ESTrainer¶

class maze.train.trainers.es.es_trainer.ESTrainer(algorithm_config: maze.train.trainers.es.es_algorithm_config.ESAlgorithmConfig, policy: maze.core.agent.torch_policy.TorchPolicy, shared_noise: maze.train.trainers.es.es_shared_noise_table.SharedNoiseTable, normalization_stats: Optional[Dict[str, Tuple[numpy.ndarray, numpy.ndarray]]])¶

Trainer class for OpenAI Evolution Strategies.

Parameters

algorithm_config – Algorithm parameters.
policy – Multi-step policy encapsulating the policy networks
shared_noise – The noise table, with the same content for every worker and the master.
normalization_stats – Normalization statistics as calculated by the NormalizeObservationWrapper.

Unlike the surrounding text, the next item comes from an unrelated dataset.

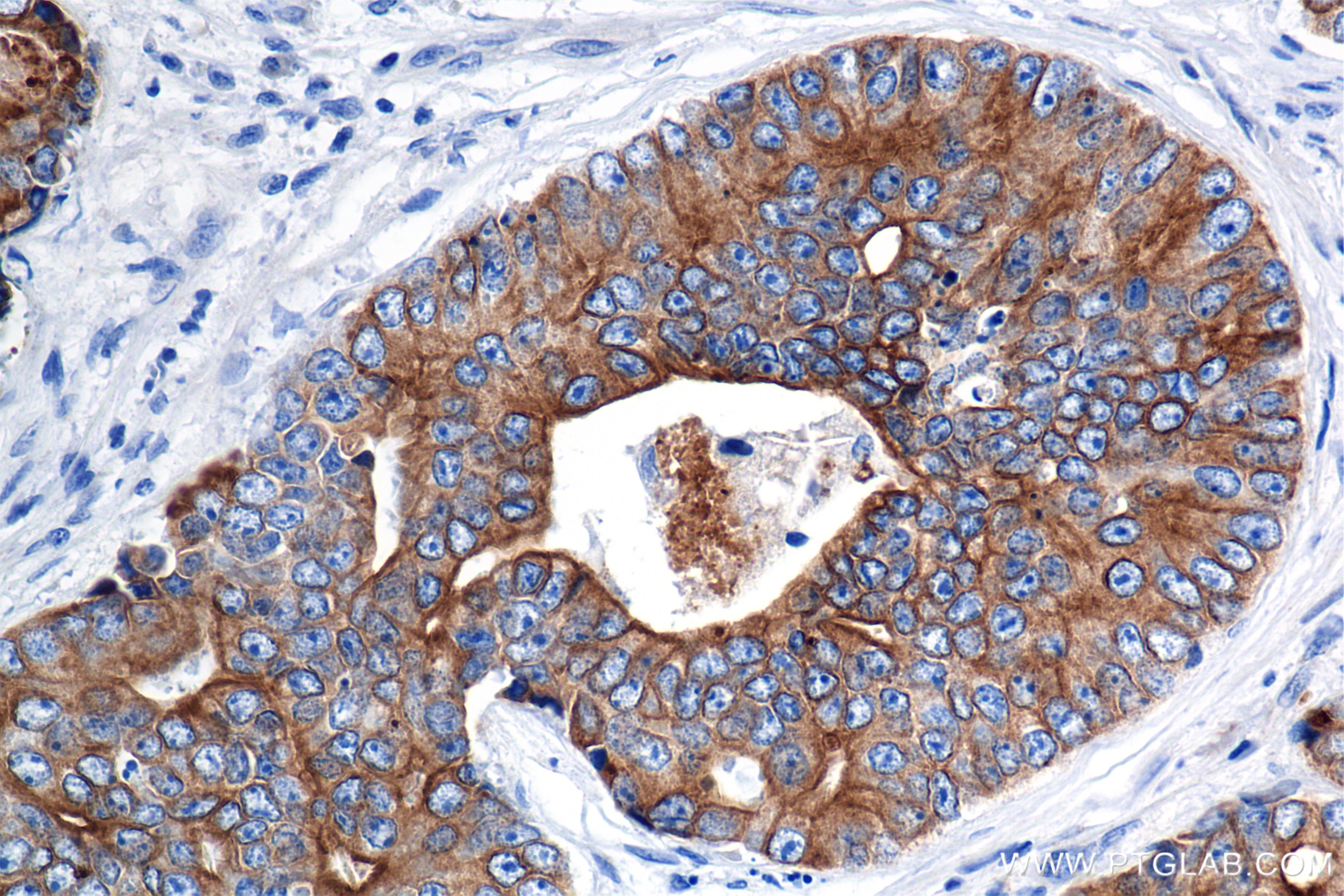 Immunohistochemical analysis of paraffin-embedded human prostate cancer tissue slide using 86238-2-RR (Pan-Keratin (Type I) antibody) at dilution of 1:1000 (under 40x lens). Heat mediated antigen retrieval with Tris-EDTA buffer (pH 9.0). Immunohistochemistry (IHC) staining of human prostate cancer tissue using Pan-Keratin (Type I) Recombinant antibody (86238-2-RR)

load_state(file_path: Union[str, BinaryIO]) → None ¶: implementation of Trainer

load_state_dict(state_dict: Dict) → None ¶: Set the model and optimizer state. :param state_dict: The state dict.

train(distributed_rollouts: maze.train.trainers.es.distributed.es_distributed_rollouts.ESDistributedRollouts, model_selection: Optional[maze.train.trainers.common.model_selection.model_selection_base.ModelSelectionBase]) → None ¶

Run the ES training loop.

Parameters

distributed_rollouts – The distribution interface for experience collection.
model_selection – Optional model selection class, receives model evaluation results.